I can’t be the only member of the laity who would like to participate in this dialogue with the high priests of this new science. Unfortunately, the J. Craig Venter Institute does not indicate where the layperson should apply or where or on what dates the dialogue will be held. Where is the plane tree in whose shade we will all recline and discuss the question whether the creation of synthetic cells and the exercise of this new power over life is a wise course for humanity to take?

This much seems clear. Venter himself is eager to call this “‘a philosophical advance as much as a technical advance,’ suggesting that the ‘synthetic cell’ raised new questions about the nature of life.” But in my layperson’s view this new scientific success comes about as close to philosophical failure as I can imagine — the moral imagination in full retreat. Then again, I suppose Venter and I have different ideas about philosophy, just as we have different ideas about the meaning of “life”– the word and the world, the creation it describes.

For example, I’m pretty much unable or unwilling to allow that anything synthetic could ever be called living, except figuratively speaking, just as I’m unwilling to allow that intelligence can be artificial. In this view, Venter and his associates may have invented an organism, but it’s a question whether they’ve created “life.” James Collins of Boston University came close to making this same point: “I don’t think it represents the creation of an artificial life form…. I view this as an organism with a synthetic genome, not as a synthetic organism. It is tough to draw where the line is.”

Tough, unless we are careful about how we use language or decide that “life” and language are ours to guard or lose. It’s clearly an abuse of language to speak in terms of “the software of life,” as if computer technology is the ultimate referent of all creation. Life is not something that is or can ever be created in a scientific eureka moment. That’s the way science works in science fiction. But that view overlooks or deliberately ignores what seems to me the starting point of thinking about life: the very basic understanding of life as the becoming of all creation, together. “Life,” in this older and, if you ask me, fuller sense of the word, implies relationship, reciprocity, an ever-changing balance. When we speak of the “life” of a specific place, a farm, a forest, a stream or an ocean, we grasp this simple truth; we do the same when we talk about our lives, which are lives lived in relation to things and people and places. My dog has such a life; so does the peony growing in the front yard. So do we all.
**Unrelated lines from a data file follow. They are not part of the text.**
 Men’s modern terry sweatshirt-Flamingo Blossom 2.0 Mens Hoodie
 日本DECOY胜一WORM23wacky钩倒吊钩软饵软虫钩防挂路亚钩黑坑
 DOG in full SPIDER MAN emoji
I realize with growing sadness that old philosophy cannot really contend with the scientific narrative of conquest and new frontiers. It is the latter to which we now owe our cultural allegiance and on which all the money is riding. And Venter is a great master of that conquest narrative – or at least he has some very good PR people. The scientific narrative is about limitless possibility; what I’m calling the moral imagination – which belongs to a tradition of thinking about humanity and the creation — recognizes human ignorance and prescribes limits, counsels restraint and reminds us that we are more likely to produce unintended consequences than great triumphs over life and human destiny.
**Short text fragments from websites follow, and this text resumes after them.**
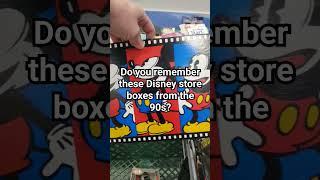 Do you remember the Disney store boxes from the 90s? #disney #boxes #90s #mickeymouse #shopping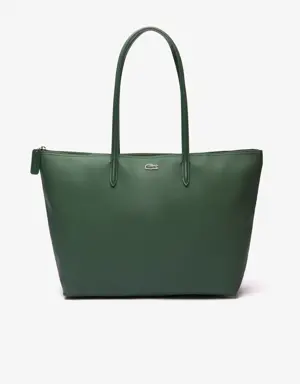 Shopping bag con zip L.12.12 Concept tinta unita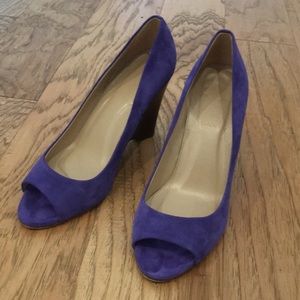 J crew peep toe wedge heel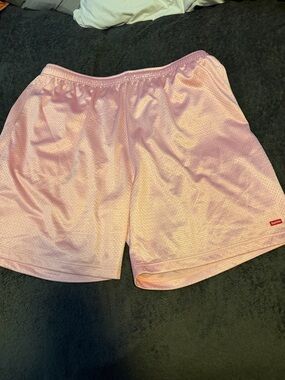 Supreme Pink Mesh Athletic Shorts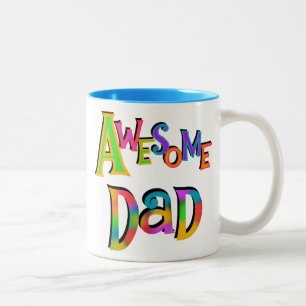 Tasse 2 Couleurs T-shirts et cadeaux superbes papa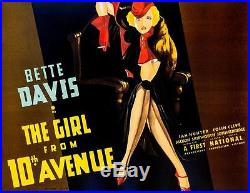 The Girl From 10th Avenue Bette Davis Vintage Movie Poster Lithograph S2 Art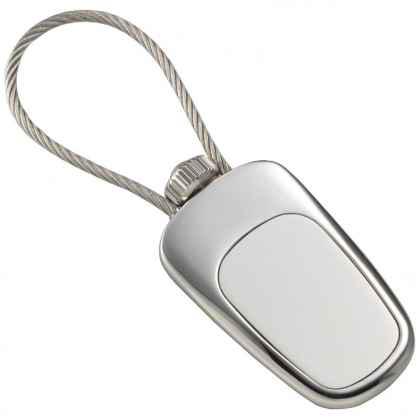 Key chain metal satin. with cable
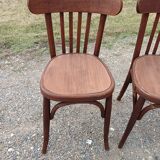 5 Thonet wooden bistro chairs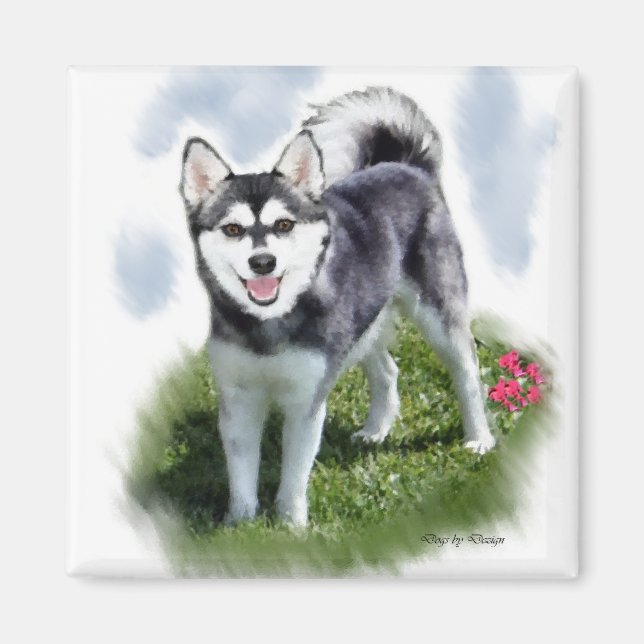 Íman Alaskan Klee Kai Art (Frente)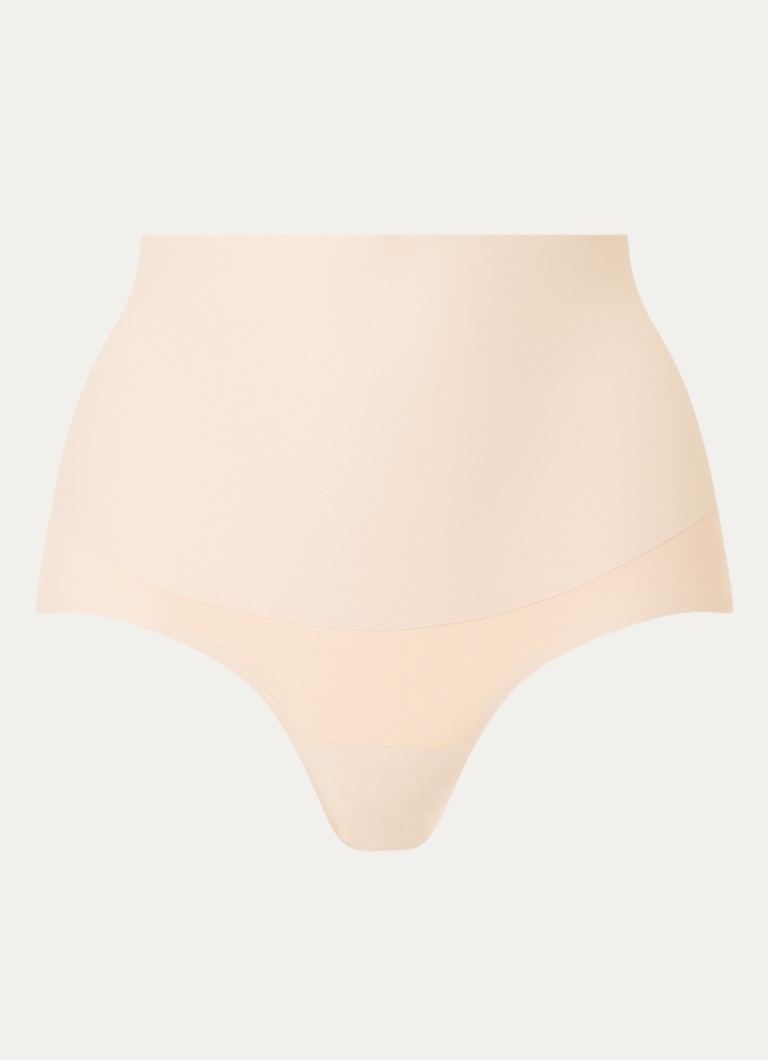 MAGIC Bodyfashion Dames High waisted naadloze corrigerende slip in de kleur Creme, maat: XL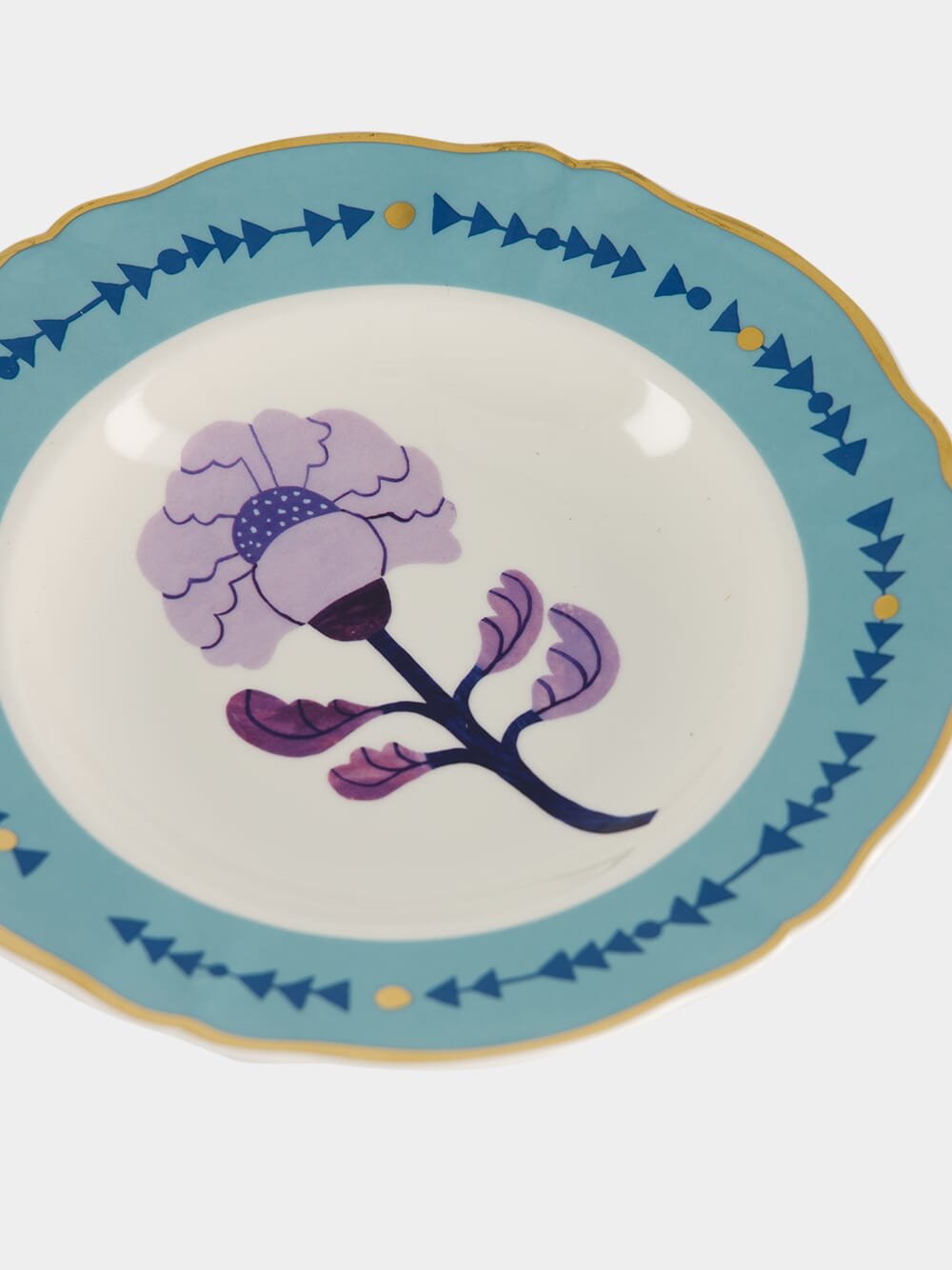 BitossiBotanical Art Soup Plate at Fashion Clinic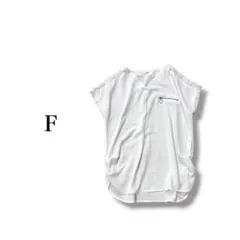 Vネックプルオーバーブラウス 【F】 肩レース ゆったりのサムネイル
Which, of course, brings me back to the disaster, the crime still unfolding in the Gulf, and the dying ocean. I am not suggesting some catastrophic synthetic cell or grey goo spill is in the cards; I understand that that, too, may only be a science fiction story. But I am suggesting that the narrative of scientific conquest and new frontiers, to which we entrust our lives and on which we have staked our futures, sometimes helps us forget how ignorant we really are of how creation works, or what life is, and how we ought to keep it.